[proofplan]
We formalize the classical argument that every constructible real number is algebraic over $\mathbb{Q}$ with degree a power of $2$. The proof proceeds in three stages: (1) model each ruler-and-compass step as a field extension of degree $1$ or $2$; (2) apply the tower law to show the cumulative extension has degree $2^s$; (3) use the multiplicativity of degrees to conclude that $[\mathbb{Q}(\alpha):\mathbb{Q}]$ divides $2^s$, hence is itself a power of $2$.
[/proofplan]
[step:Setting up the tower of extensions]

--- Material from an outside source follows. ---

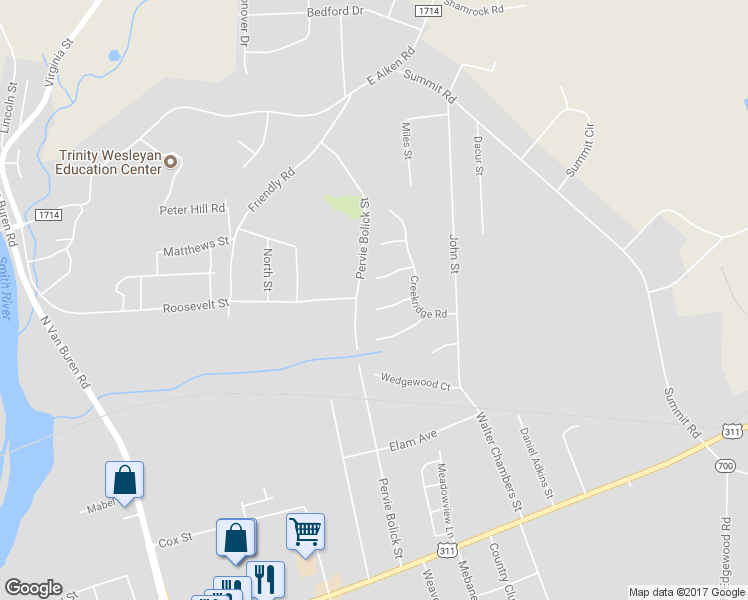 map of restaurants, bars, coffee shops, grocery stores, and more near 405 Sherwood Court in Eden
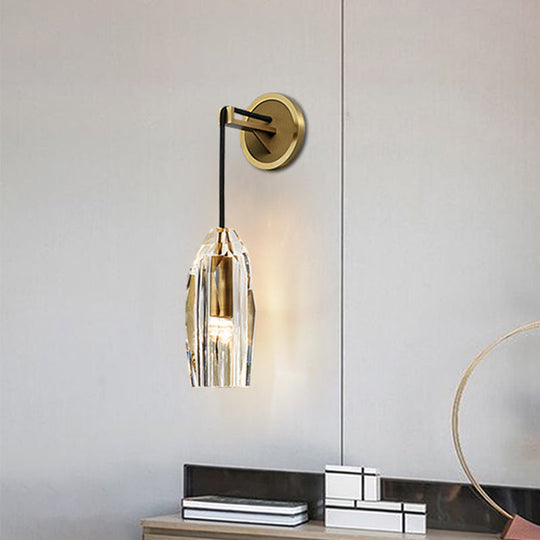 Geometric Brass Wall Lamp With Clear K9 Crystal - Modern 1-Head Led Fixture For Living Room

A point in the plane is constructible if it can be obtained from the two initial points $0$ and $1$ by a finite sequence of ruler-and-compass operations. Each such operation—intersecting two lines, a line and a circle, or two circles—produces coordinates that satisfy at most a quadratic equation over the field generated by the previously constructed coordinates.

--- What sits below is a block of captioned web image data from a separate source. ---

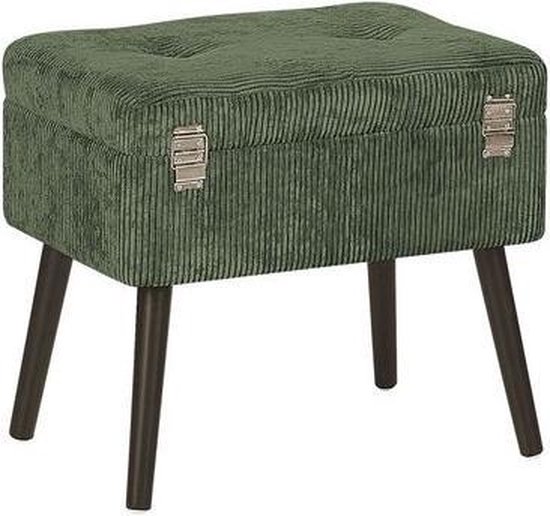 Beliani Mallard Hocker Corduroy 36 X 52 Cm - Groen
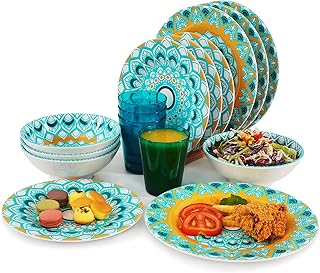 Melamine Dinnerware Set for 4-16 Pcs:Camping Dishes Set with Dinner Plates,Salad Plates,Cups and Bowls.Lightweight and Unb...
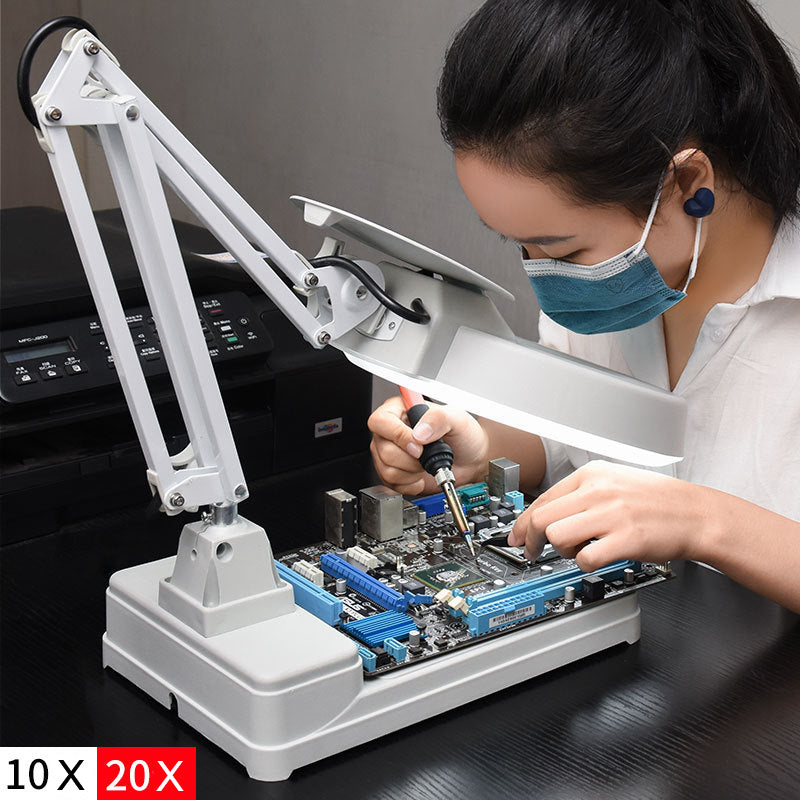 Pro Watchmakers 20x Magnifying Desk Lamp Cover LED Light Glass Magnifier Loupe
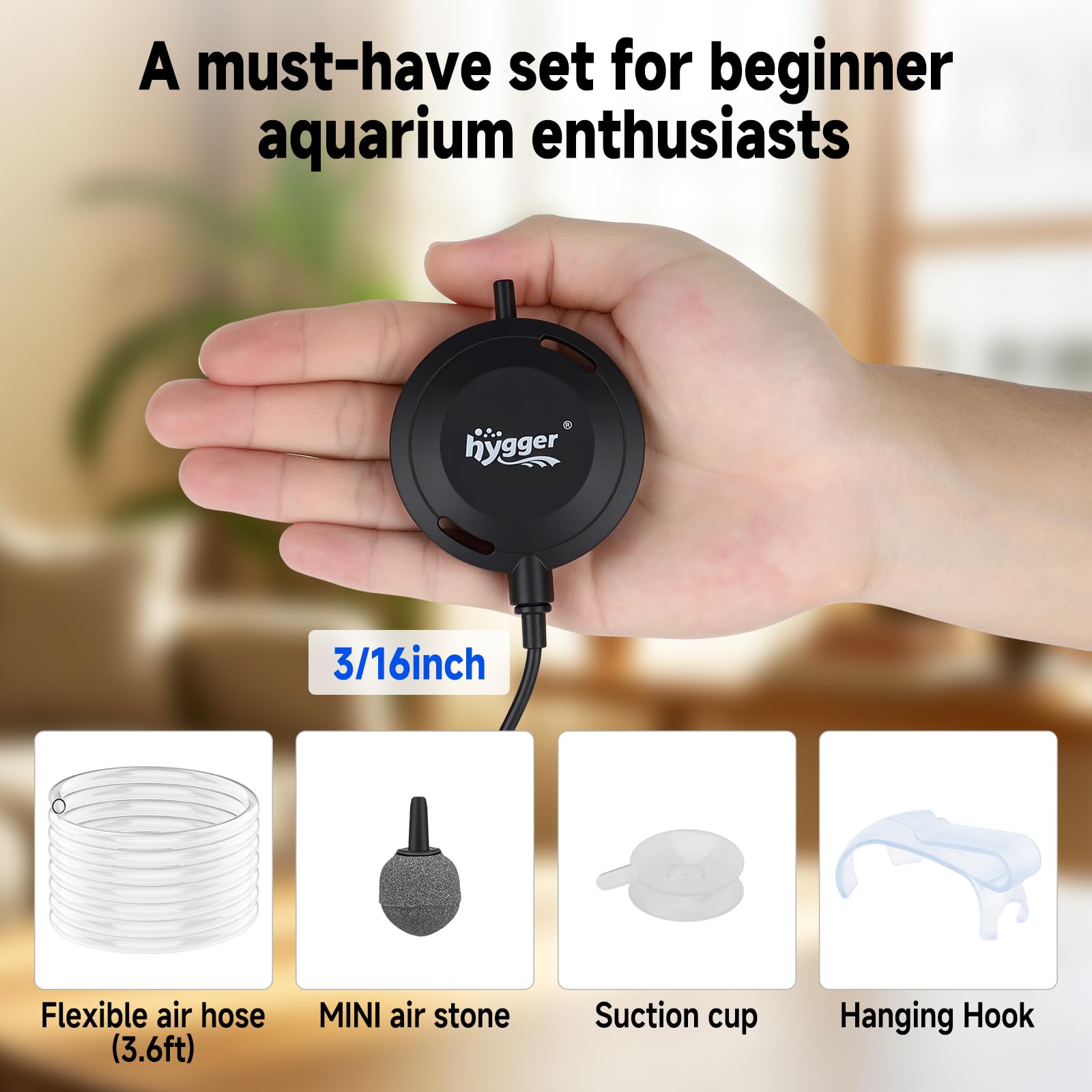 hygger MINI 1.5W installation options with suction cups for secure mounting.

Set $K_0 = \mathbb{Q}$. At the $i$-th step we adjoin the new coordinates obtained from that operation, producing a field $K_i$. The new coordinates satisfy either a linear or quadratic equation with coefficients in $K_{i-1}$, so
\begin{align*}
[K_i : K_{i-1}] \in \{1, 2\}.
\end{align*}
After $n$ steps we have a tower
\begin{align*}
\mathbb{Q} = K_0 \subseteq K_1 \subseteq K_2 \subseteq \cdots \subseteq K_n.
\end{align*}
[/step]
[guided]
The degree is $1$ when the new point already lies in $K_{i-1}$ (e.g., the intersection of two non-parallel lines with coefficients in $K_{i-1}$ yields coordinates in $K_{i-1}$ itself). The degree is $2$ when we must adjoin a square root—this occurs whenever a line or circle meets a circle, producing coordinates that satisfy an irreducible quadratic over $K_{i-1}$.
[/guided]
[step:Applying the tower law]
By the multiplicativity of field extension degrees,
\begin{align*}
[K_n : \mathbb{Q}] = [K_n : K_{n-1}] \cdot [K_{n-1} : K_{n-2}] \cdots [K_1 : K_0].
\end{align*}
Each factor is $1$ or $2$, so there exists an integer $s$ with $0 \leq s \leq n$ such that
\begin{align*}
[K_n : \mathbb{Q}] = 2^s.
\end{align*}
[/step]
[step:Concluding the degree constraint on $\mathbb{Q}(\alpha)$]
Let $\alpha \in \mathbb{R}$ be constructible. Then $\alpha$ is a coordinate of some constructed point, so $\alpha \in K_n$ for some tower as above. In particular $\alpha$ is algebraic over $\mathbb{Q}$, since $[K_n:\mathbb{Q}] = 2^s$ is finite and every element of a finite extension is algebraic.
Now $\mathbb{Q}(\alpha) \subseteq K_n$, and the tower law gives
\begin{align*}
[K_n : \mathbb{Q}] = [K_n : \mathbb{Q}(\alpha)] \cdot [\mathbb{Q}(\alpha) : \mathbb{Q}].
\end{align*}
Therefore $[\mathbb{Q}(\alpha):\mathbb{Q}]$ divides $[K_n:\mathbb{Q}] = 2^s$. Since every divisor of $2^s$ is a power of $2$, we conclude
\begin{align*}
[\mathbb{Q}(\alpha) : \mathbb{Q}] = 2^k
\end{align*}
for some integer $0 \leq k \leq s$. $\blacksquare$
[/step]
[guided]
The final divisibility argument is the key point: we do not claim that $[\mathbb{Q}(\alpha):\mathbb{Q}] = 2^s$, only that it divides $2^s$. The minimal polynomial of $\alpha$ over $\mathbb{Q}$ has degree $2^k$ for some $k \leq s$, which is the sharpest conclusion the tower method yields. This is sufficient, for instance, to prove that $\sqrt[3]{2}$ is not constructible: its minimal polynomial $x^3 - 2$ has degree $3$, which is not a power of $2$.
[/guided]